Nov
1
2009
Believe it or not, Halloween used to be a real holiday. It used to be special. Kids costumes were creative. Moms would buy fabric months in advance and actually sew outfits. Dad would sacrifice old boots or work gloves so their little boys could perform their best impression of Indiana Jones or Luke Skywalker. Kids would pride themselves of the fear they could produce with painted faces and fake blood. You would spend the week before October 31st making popcorn balls and carmel apples. Hundreds of kids would run from door to door around the neighborhood with no time to spare, filling pillow cases that would by the end of the night produce a bounty that could sometimes last until early December. And if by chance some fancy pants neighbor decided to hand out apples or God forbid a toothbrush, well then there was a few rolls of toilet paper and a dozen eggs ready and waiting. That was the good old days when Trick or Treat was a threat, not just a meaningless phrase muttered to produce a fun size Snickers bar.
Halloween has lost its luster. There is no hard work involved. Now, parents buy Bat, or Spider or Iron man costumes from the local Walgreens. These costumes are nothing more then painted garbage bags manufactured in Malaysian sweatshops by kids that could only dream of such a glorious holiday.

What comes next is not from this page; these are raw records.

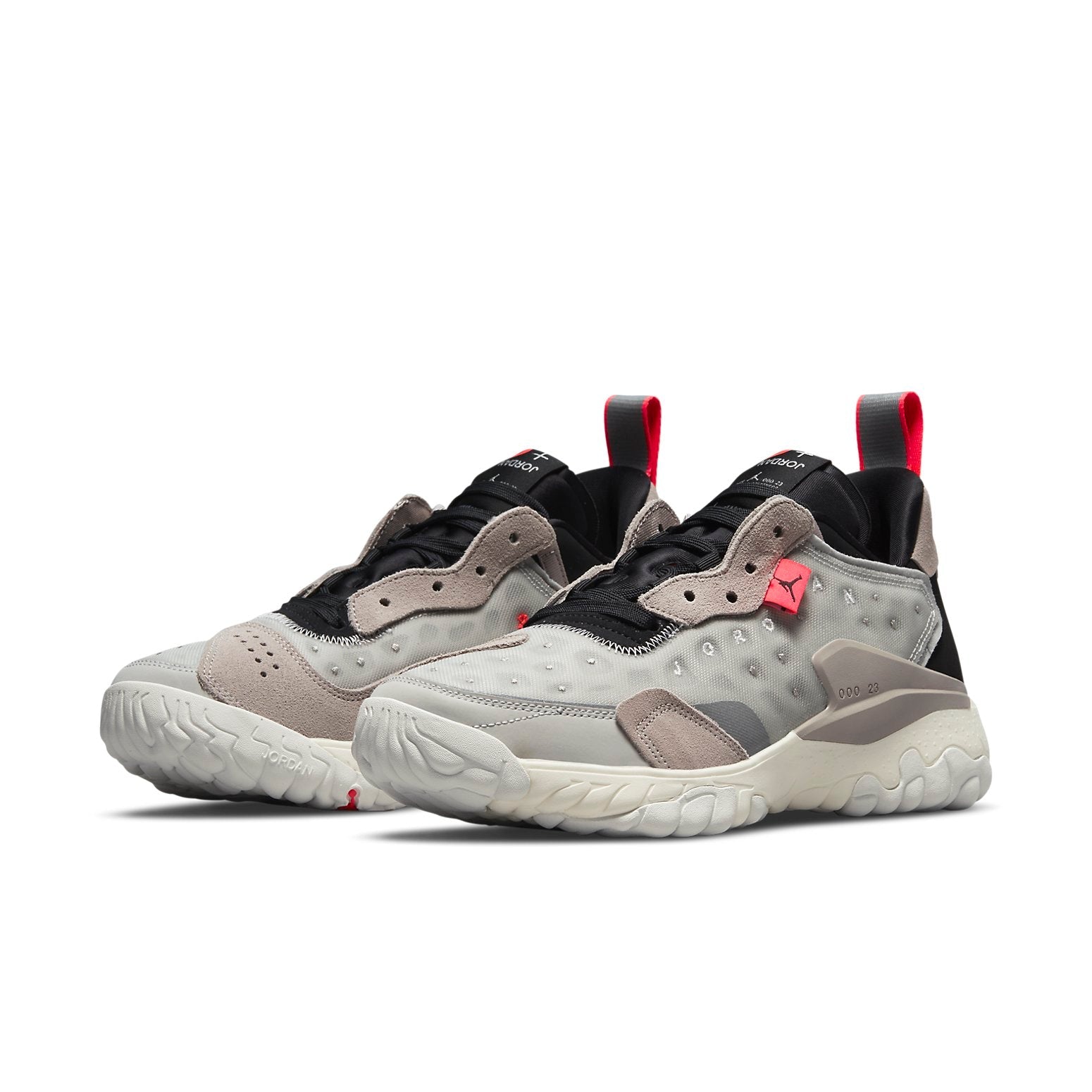 Air Jordan Delta 2 'Grey Fog Sail' CV8121-005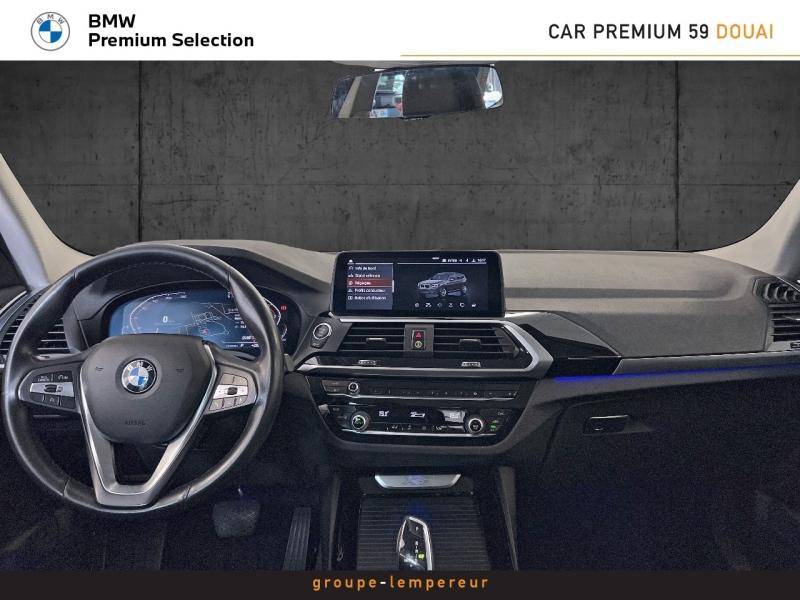 Image BMW X3 sDrive18dA 150ch  xLine
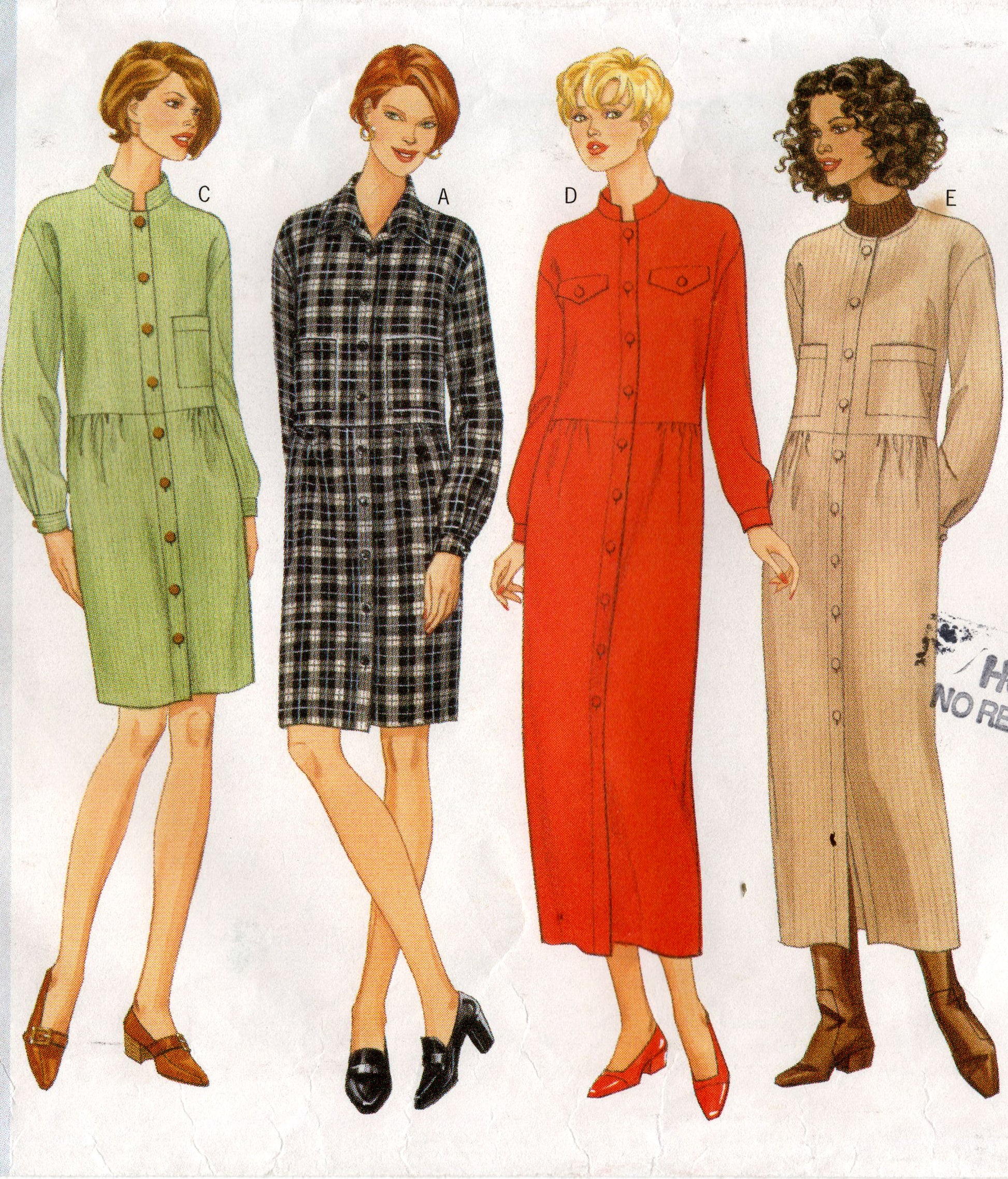 Butterick 5143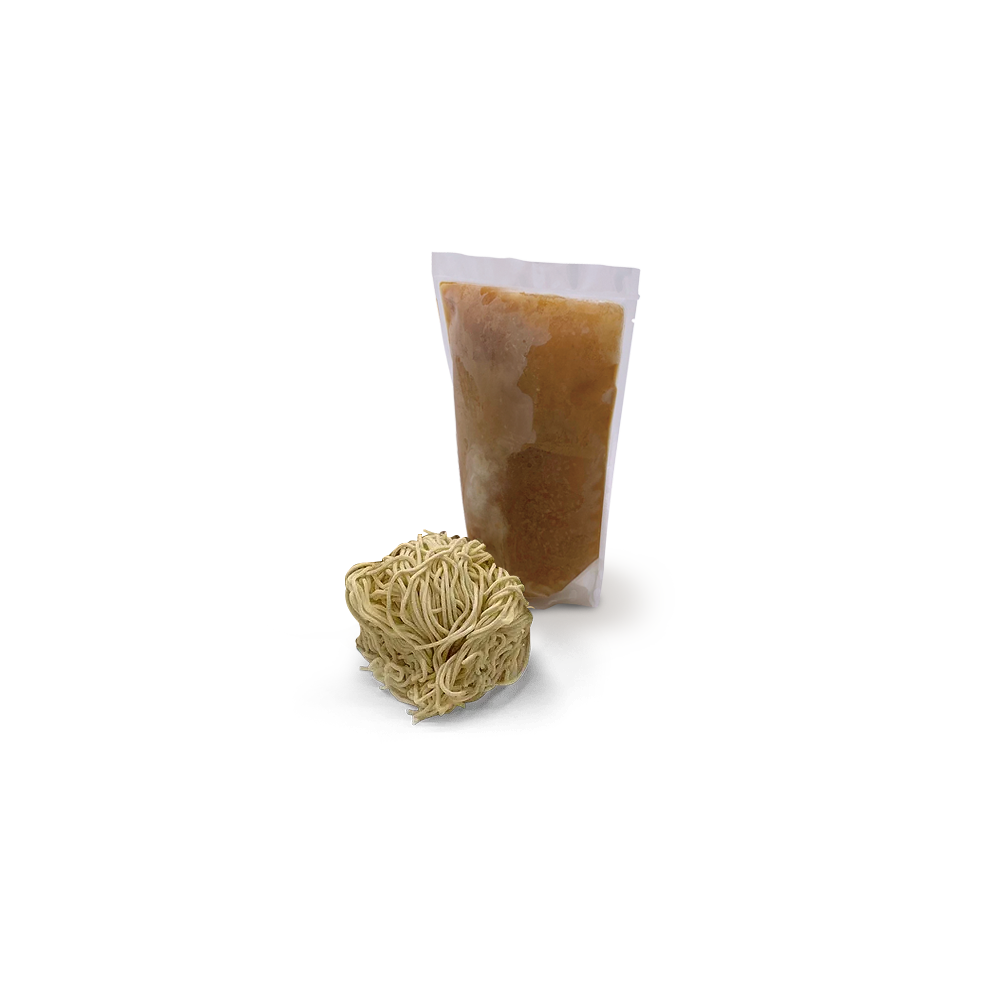 中華そば - 1食分(通常スープ)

Little vampires and devils no longer run from house to house, because parents are in local church parking lots with cotton stretched across the hatchback of their Yukon to simulate a spiderweb. Trunk or treat is the new trend to make Halloween even easier. As if buying your little girl a pre-assembled Hannah Montanna outfit wasn’t simple enough. And the Kids that do actually knock on your door turn away without so much as a word of gratitude. Even as I was nearing the end of my trick or treating career. When my eye was single to the filling of my Heman pillowcase, I still had enough sense to utter a thank you to the old lady who got up from her velvet recliner to drop an abacazaba in my bag. I am only in my early thirties but this act of ungratefulness forces me to sound like my father, “ kids these days.”
Halloween is a noble holiday that has survived centuries of persecution. Preachers, conservative talk show hosts and school administrators have done everything in their power to deny children their god given right of free candy and dressing up like monsters, Even Major League baseball got in on the action this year. How dare they put game three of the World Series on when fathers should be out walking the streets with their children. We are loosing this great holiday because of our own neglect and laziness. Mothers, you don’t have to be Betsy Ross, but for heaven sakes be creative. My mom dressed me up as a diaper box one year. Fathers, stop participating in the atrocity known as trunk or treating, you are turning you boys into sissy’s. They should be out running the streets slightly past curfew when the threat of high school kids stealing their candy is eminent. This will teach them to be resourceful, resilient, and it will build character.
Halloween is no Christmas, it’s no Fourth of July, but it is better then Easter. Lets all do our part to insure that it does not slide further down the Holiday ladder. Keep it cool, keep it scary, but most of all, keep it real.